U.S. elections get international monitors too

American election observers go to other countries to help ensure a free and fair vote that follows local election laws. But what happens at U.S. elections?

The United States participates in the Organization for Security and Cooperation in Europe (OSCE). That means the U.S. upholds that group’s democratic standards and invites other OSCE members to observe American elections. OSCE representatives have monitored U.S. polls since 2004.

During the 2016 elections on November 8, there were 120 parliamentarians from different countries observing U.S. polling stations in 12 states.

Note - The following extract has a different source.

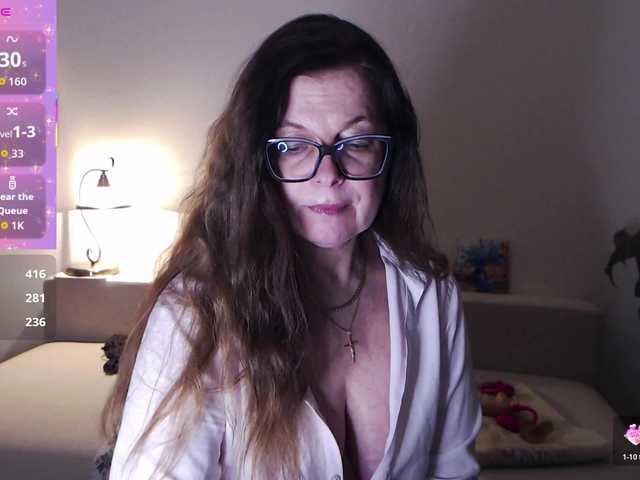 HelenBerg's BongaCams show and profile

They received lots of help, according to OSCE communications director Nat Parry, including:

  • Extensive briefings from experts on U.S. elections laws and procedures.
  • Meetings with international journalists.
  • Discussions with representatives of the two major U.S. political parties.
Overhead view of people at voting stations (© AP Images)
On November 8, 2016, Americans elected 435 U.S. representatives, 34 senators, 12 state governors, and thousands of state and local officials. (© AP Images)

“As a founding member of the OSCE, the U.S. has agreed not only to principles for conducting democratic elections, but also to welcoming observers from the other 56 countries of the OSCE,” said Christine Muttonen, former president of OSCE’s parliamentary assembly.

The mission issued a final report after completing its work. You can also view previous OSCE assessments of American elections.

A version of this story was previously published on October 27, 2016.